Have you stopped to consider how readily available meat is here in our country? Think about the meat section of your local grocery store and consider the sheer number of animals it took to stock just that store. Then consider how many grocery stores there are in your town, your state, the entire nation? Try to imagine how many chicken nuggets or burgers McDonalds sells daily. Where is all that meat coming from? How are they selling it for so cheap??? Do you think when you buy a burger for a dollar that the company you're buying it from can afford to grow, kill, package, and sell anything of quality? We are paying a price for not paying enough for our food.

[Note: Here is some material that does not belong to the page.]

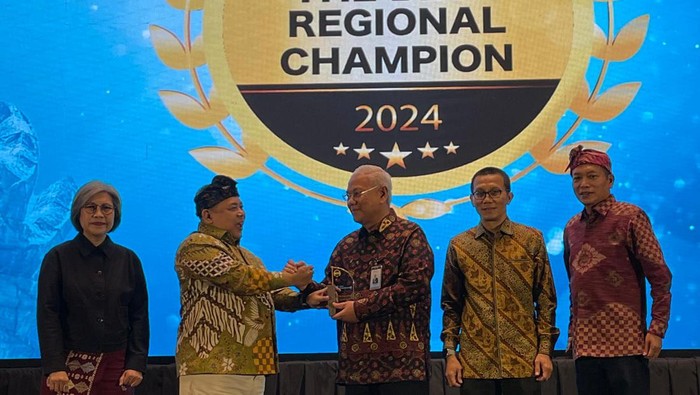 Bank Sumsel Babel (BSB) dinobatkan sebagai Best Regional Champion 2024 oleh The Asian Post.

Well, this is definitely the most depressing blog post I've ever written. Now at least you know the truth, though if you choose to believe these things or change your lifestyle because of them is up to you. No pressure here. I'm perfectly willing to accept (almost) any decisions you make. 

Oh, and here's a link to the video that started it all and got me hooked on Jonathan Safran Foer. It's the one about the vegetarian American in Ukraine. 


1 comment:

  1. Oh my goodness. I had to cover my mouth when I got to the puss and cancer part. Argh. I'll be thinking. I'll be thinking. Thanks.